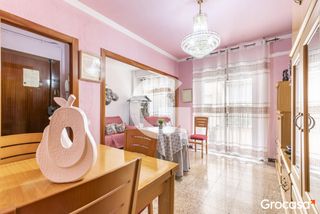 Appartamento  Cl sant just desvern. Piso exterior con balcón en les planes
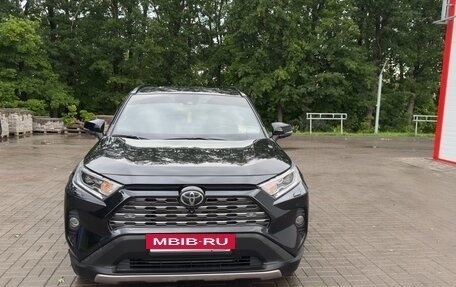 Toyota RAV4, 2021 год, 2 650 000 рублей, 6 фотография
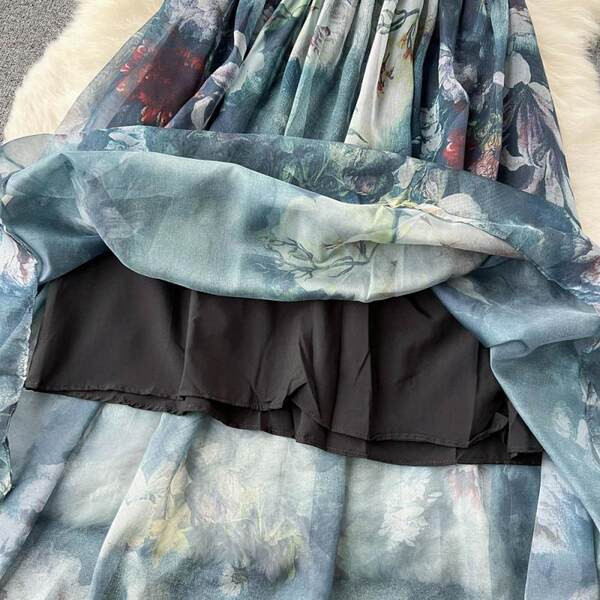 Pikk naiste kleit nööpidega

(Exercise directions)
Write every line of the data out again exactly, leaving out all images.

(Result)
 Appartamento  Cl sant just desvern. Piso exterior con balcón en les planes
 Toyota RAV4, 2021 год, 2 650 000 рублей, 6 фотография
 Pikk naiste kleit nööpidega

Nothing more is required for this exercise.